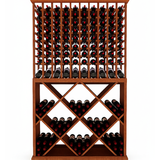 Wooden wine rack with multiple shelves filled with wine bottles on a white background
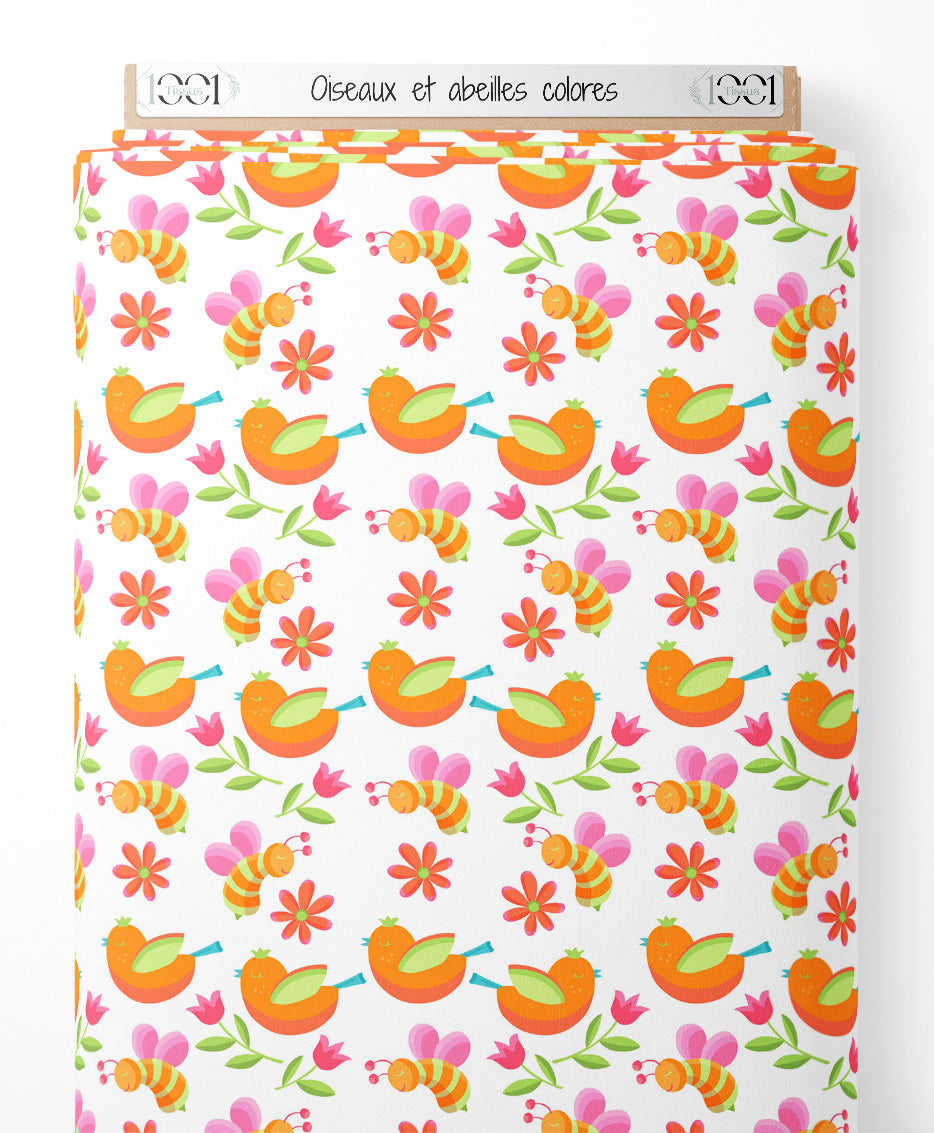 Tissu - Oiseaux et abeilles colorés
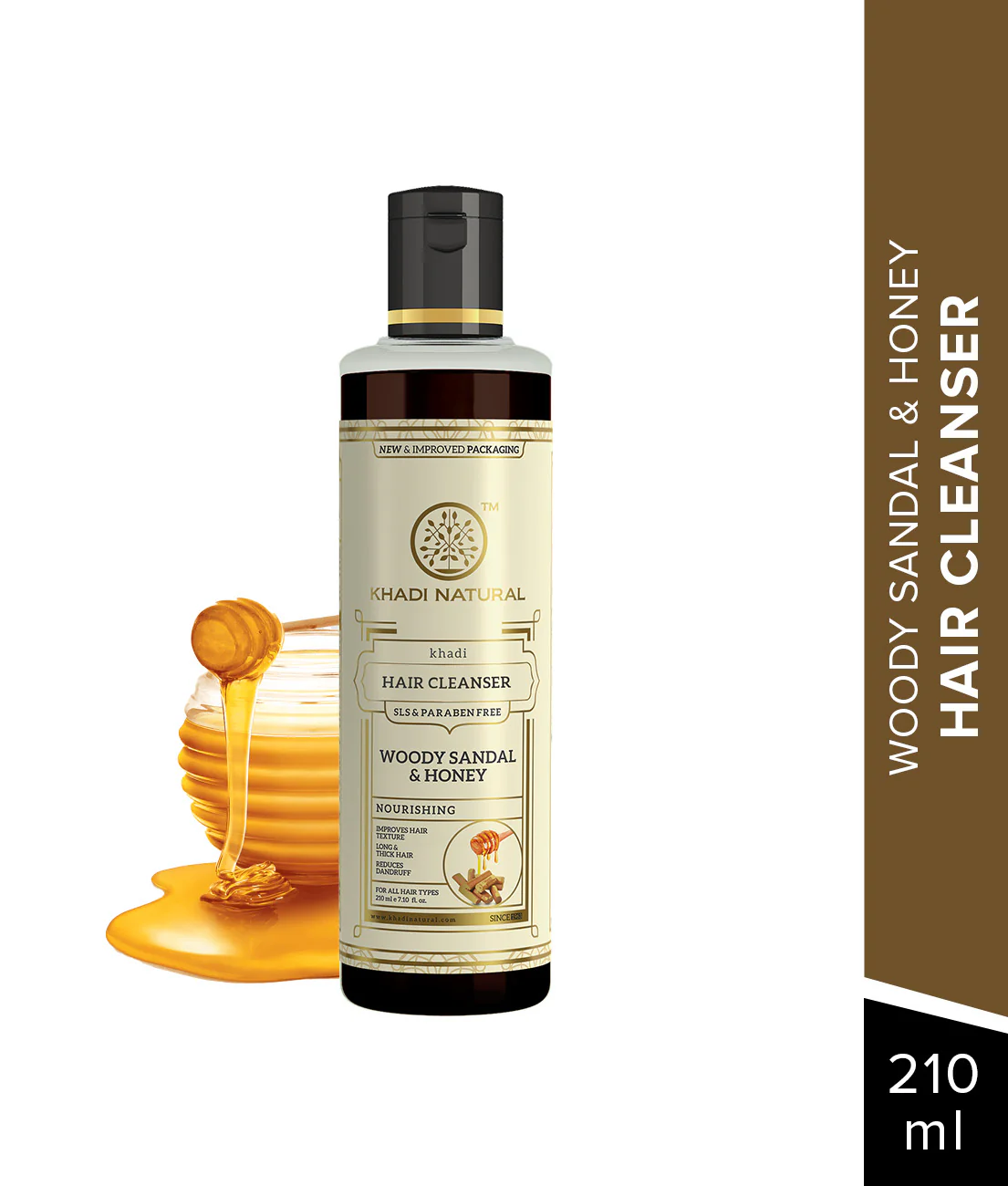 Khadi Natural Woody Sandal & Honey Hair Cleanser SLS & Paraben Free - 210ml Sale - Image 7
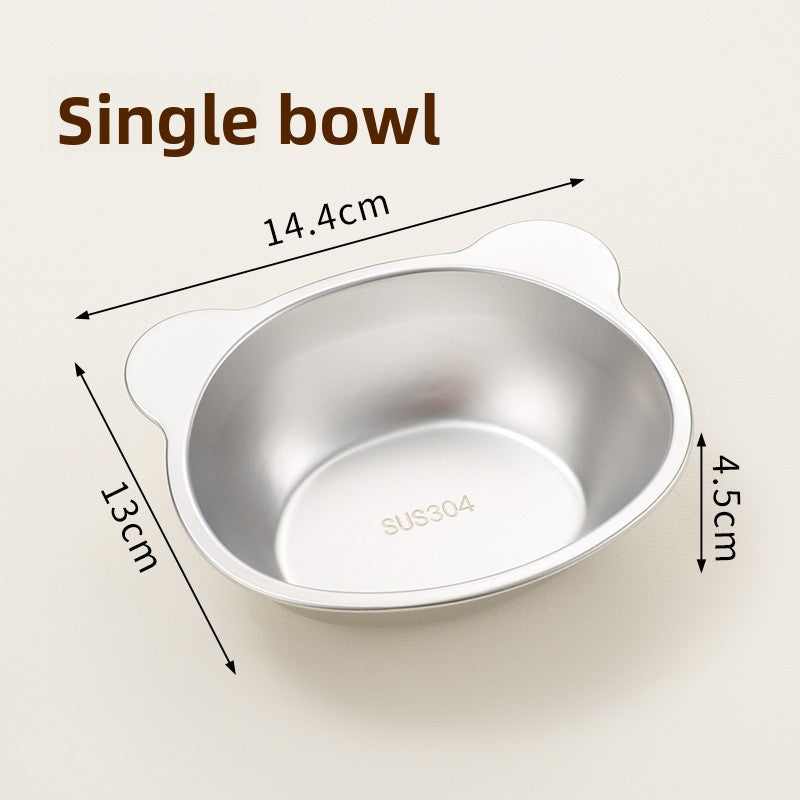 Stainless Steel Elevated Pet Food Bowl with Slanted Rim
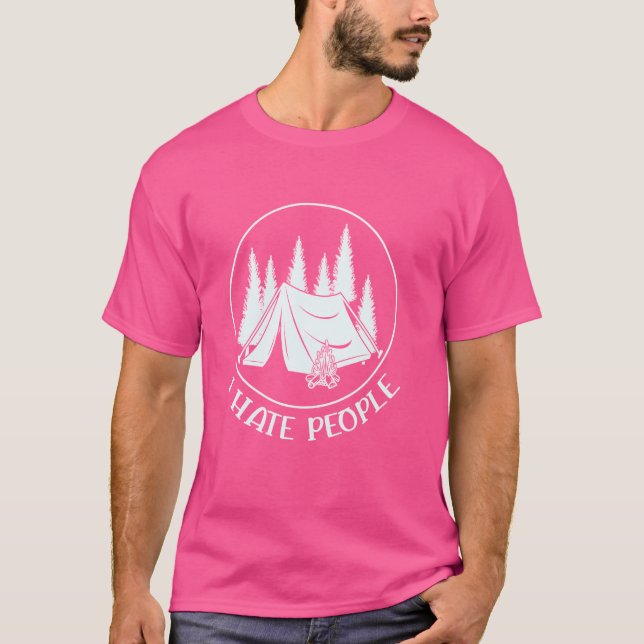 Camiseta Engraçado Acampamento Ao Ar Exterior Eu Odeio Pess (Frente)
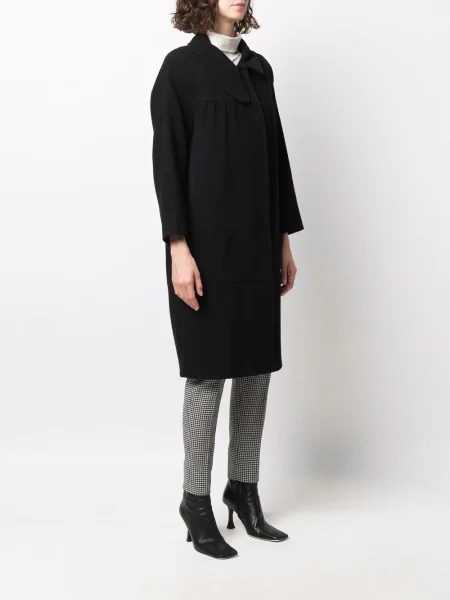 Jednořadý kabát Dries Van Noten Pre-owned černý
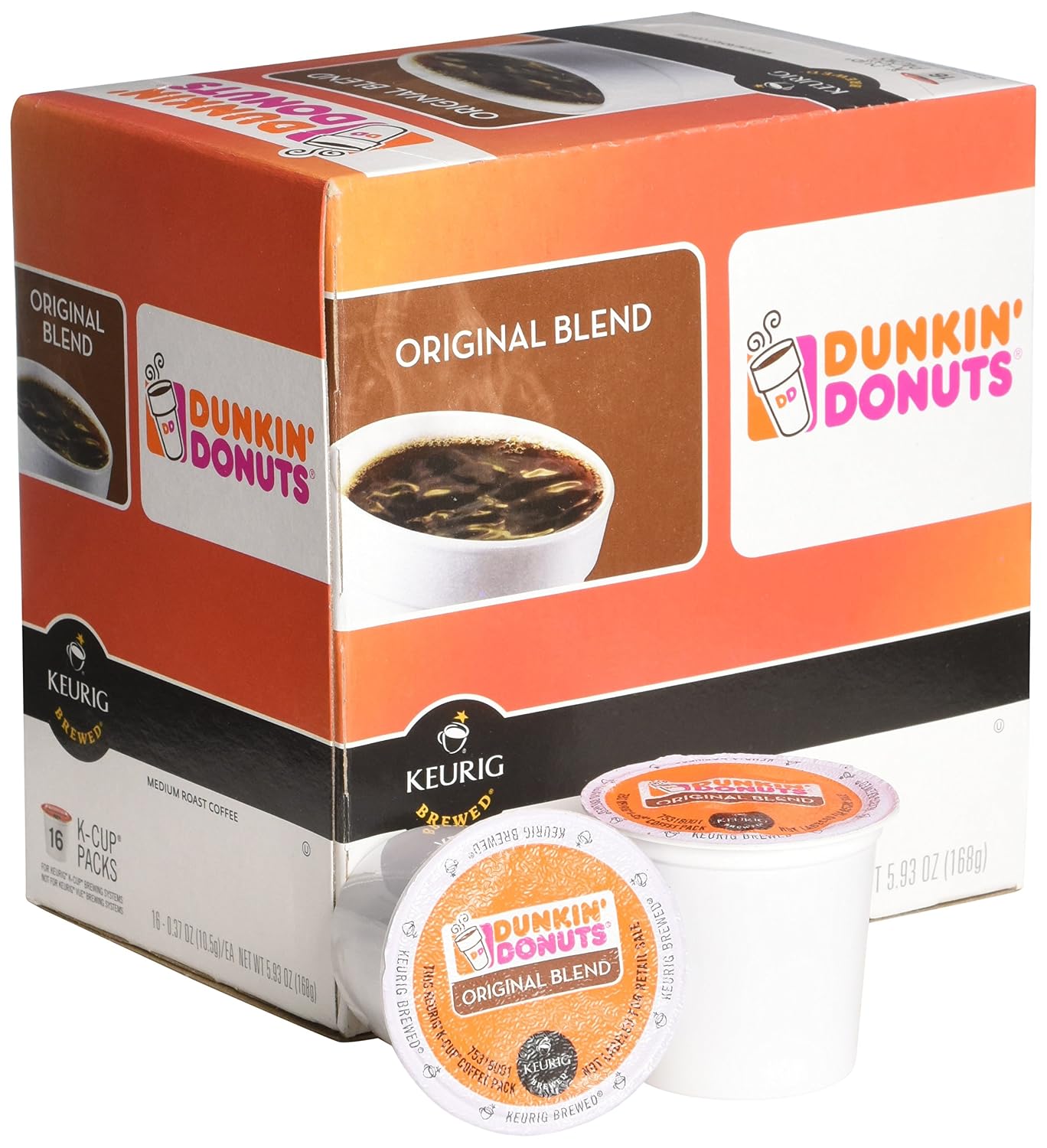 Dunkin' Donuts 2091512 Original Blend Coffee K-Cup Pods Medium Roast 44/Box (006933)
══════
_What needs to be done_
Please transcribe, with no additions, the lines starting at the one that contains "Tissu - Oiseaux et abeilles colorés" and running through the last line of the entries, inclusive. Leave the pictures out.

_Exercise result_
 Tissu - Oiseaux et abeilles colorés
 Khadi Natural Woody Sandal & Honey Hair Cleanser SLS & Paraben Free - 210ml Sale - Image 7
 Stainless Steel Elevated Pet Food Bowl with Slanted Rim
 Camiseta Engraçado Acampamento Ao Ar Exterior Eu Odeio Pess (Frente)
 Jednořadý kabát Dries Van Noten Pre-owned černý
 Dunkin' Donuts 2091512 Original Blend Coffee K-Cup Pods Medium Roast 44/Box (006933)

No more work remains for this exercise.